## Problem statement
Go through the following data and transcribe exactly the stretch of lines from the one holding "205 and 207" to the one holding "A Calle de la", both included.

## Material to process
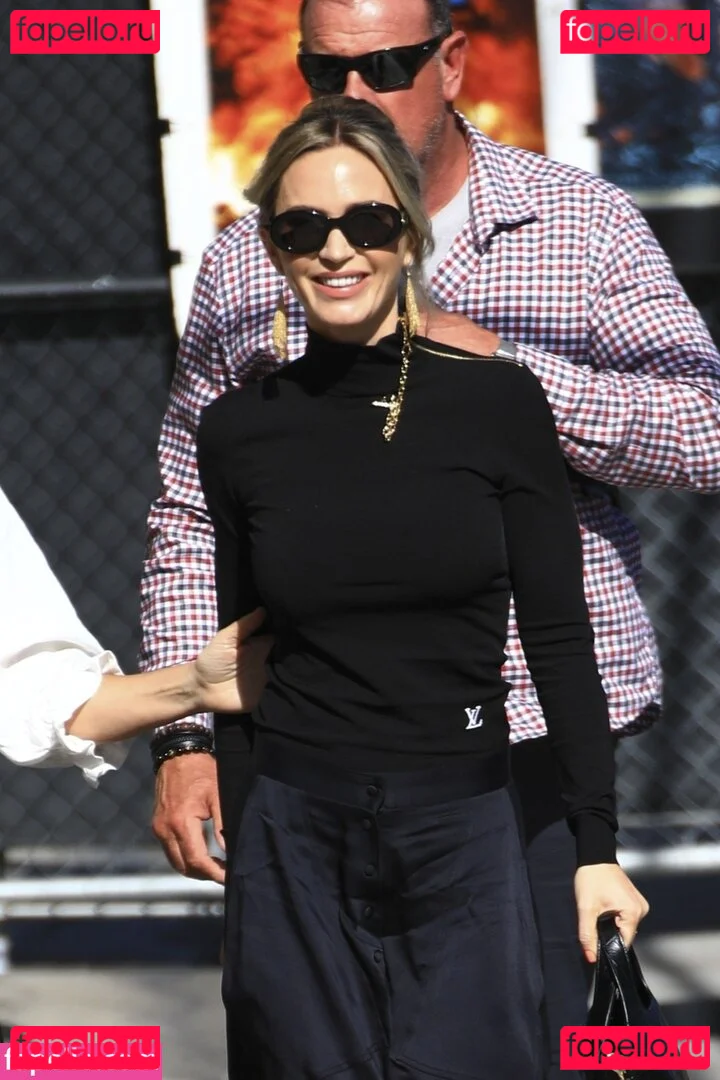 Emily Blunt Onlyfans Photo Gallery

...

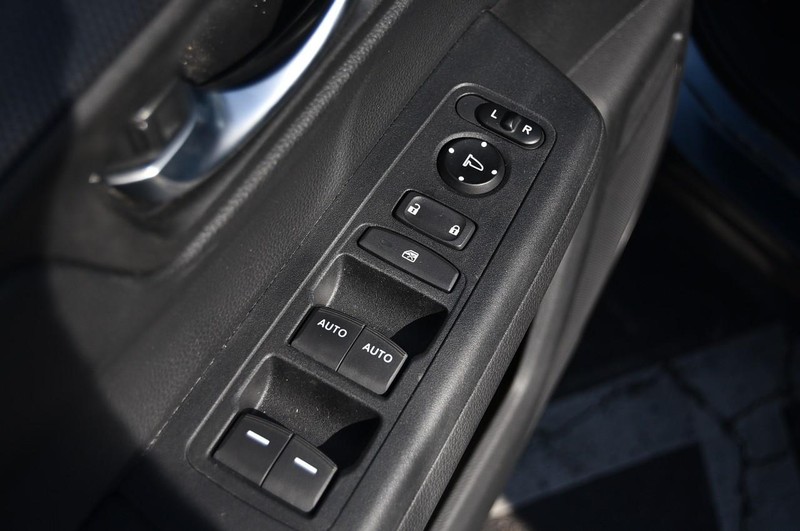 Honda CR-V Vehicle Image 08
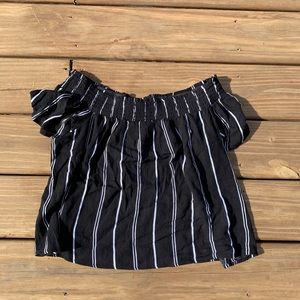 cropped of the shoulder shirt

--

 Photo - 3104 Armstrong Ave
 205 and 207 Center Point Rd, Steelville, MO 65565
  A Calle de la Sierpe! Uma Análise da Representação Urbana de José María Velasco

## Your solution
 205 and 207 Center Point Rd, Steelville, MO 65565
  A Calle de la Sierpe! Uma Análise da Representação Urbana de José María Velasco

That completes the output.